Fikri menegaskan bahwa kehadiran rivalitas internal yang baru ini dipandang sebagai bentuk motivasi demi kemajuan bersama di sektor ganda putra nasional.

"Bukan untuk dalam artian kita saling senggol gitu, enggak. Tapi saling bergantian untuk juara," lanjut Fikri.

Pernyataan senada disampaikan oleh Fajar Alfian yang menilai bahwa atmosfer kompetisi di dalam pelatnas kini menjadi jauh lebih ketat setelah kompetitor mereka naik podium tertinggi di Thailand.

"Apalagi Leo/Daniel dan kemarin juara, pasti menambah juga motivasi buat pasangan-pasangan lainnya. Semakin termotivasi untuk tidak mau kalah.

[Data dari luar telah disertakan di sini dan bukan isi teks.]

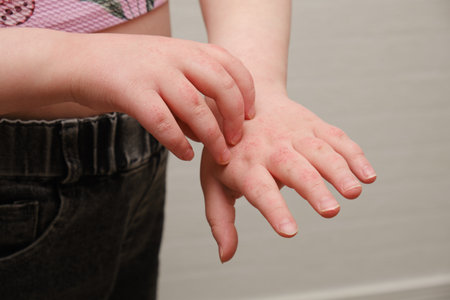 child scratching hands covered with dermatitis, skin allergy in a child, itchy redness on the skin,...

Tapi dalam artian positif," ujar Fajar.

Ketegangan kompetisi internal dipastikan akan terus meningkat mengingat para atlet juga harus memperebutkan tiket terbatas untuk mewakili Indonesia dalam ajang olahraga multi-cabang regional dalam beberapa bulan ke depan.

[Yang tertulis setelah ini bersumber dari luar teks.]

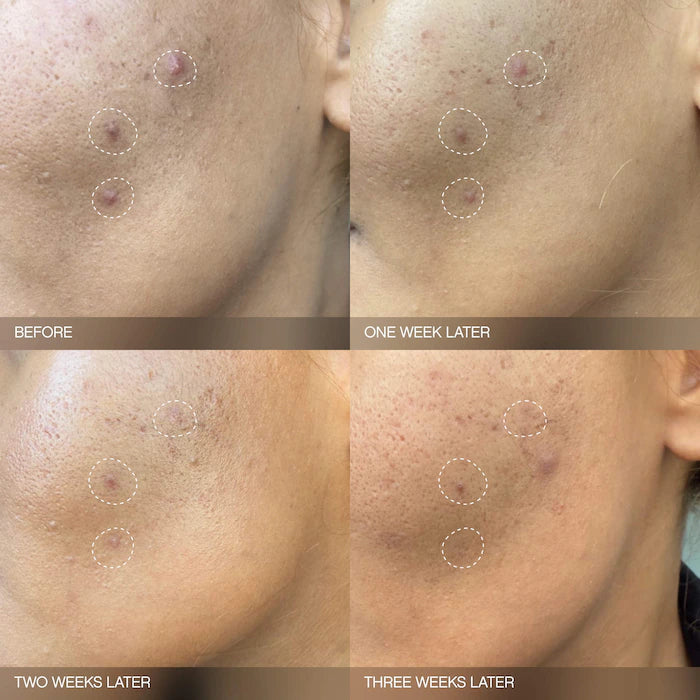 Topicals Mini Faded Brightening and Clearing Serum for Dark Spots & Discoloration (UNSCENTED)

"Selain itu, di bulan September juga ada Asian Games, dan itu dipilih dua pasang. Pasti persaingan makin ketat saja."

Persaingan perebutan tempat di tim nasional dinilai akan semakin sengit karena jajaran pelatih pelatnas juga harus memperhitungkan kekuatan pasangan profesional yang berada di luar struktur organisasi formal.

"Ada juga Sabar/Reza yang di luar Pelatnas. Jadi mungkin persaingan ganda putra untuk memperebutkan tiket ke Asian Games khususnya makin solid saja," tegas juara China Open 2025 itu.